PROBLEM DETAILS ::
Return the following from the records below: each line, word for word, starting with the line that contains "1girl, solo, long" and going on through the line that contains "Kit 6 Chandon", with nothing outside that range.

DATASET RECORDS Start Marker

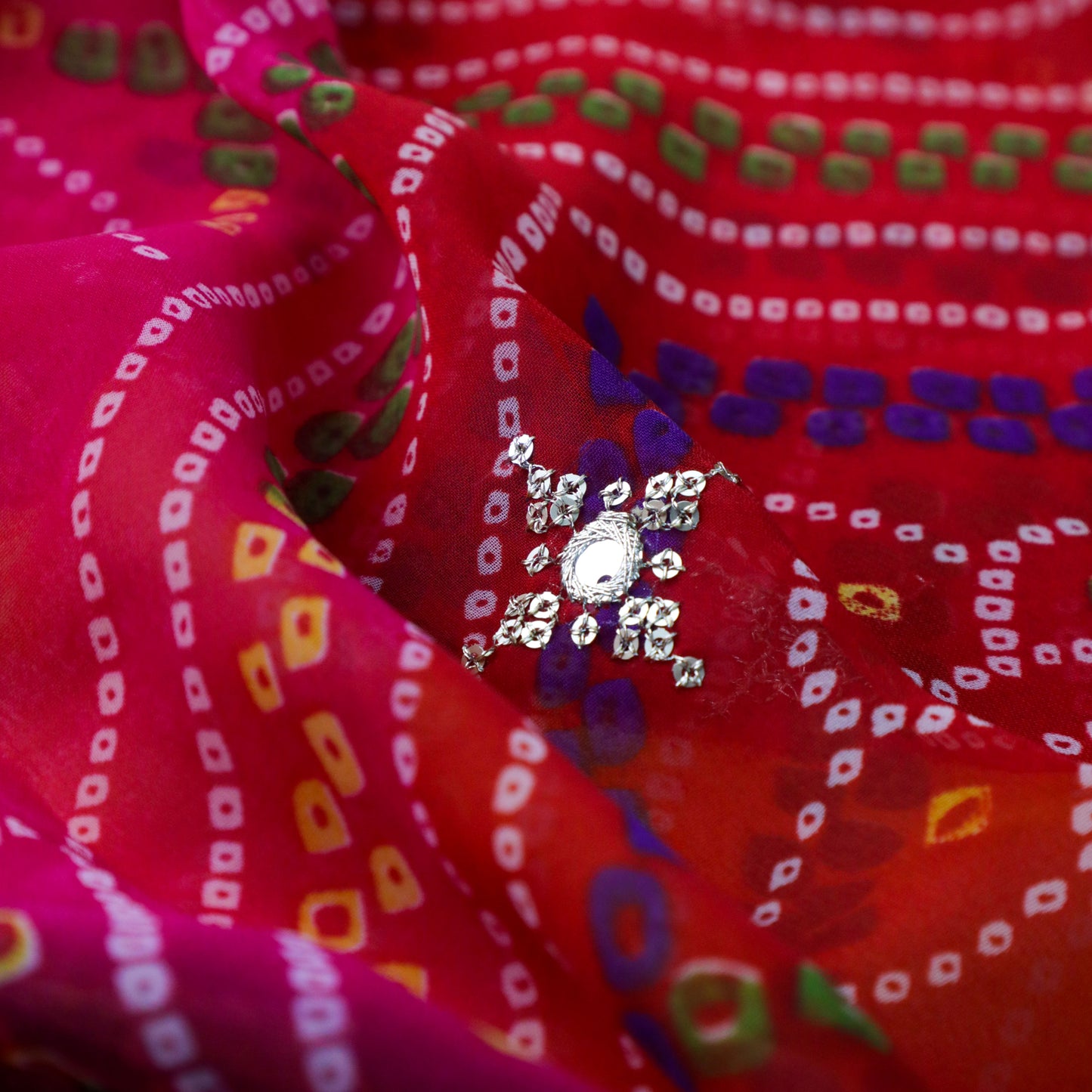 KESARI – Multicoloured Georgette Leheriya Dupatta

DATASET RECORDS End Marker
DATASET RECORDS Start Marker

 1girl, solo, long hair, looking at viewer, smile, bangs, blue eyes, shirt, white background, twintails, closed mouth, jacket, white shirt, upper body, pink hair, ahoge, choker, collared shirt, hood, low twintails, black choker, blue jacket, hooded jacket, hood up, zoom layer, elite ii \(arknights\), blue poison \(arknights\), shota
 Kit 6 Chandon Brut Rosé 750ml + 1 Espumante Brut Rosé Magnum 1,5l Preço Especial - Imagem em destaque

DATASET RECORDS End Marker

EXPECTED ANSWER ::
 1girl, solo, long hair, looking at viewer, smile, bangs, blue eyes, shirt, white background, twintails, closed mouth, jacket, white shirt, upper body, pink hair, ahoge, choker, collared shirt, hood, low twintails, black choker, blue jacket, hooded jacket, hood up, zoom layer, elite ii \(arknights\), blue poison \(arknights\), shota
 Kit 6 Chandon Brut Rosé 750ml + 1 Espumante Brut Rosé Magnum 1,5l Preço Especial - Imagem em destaque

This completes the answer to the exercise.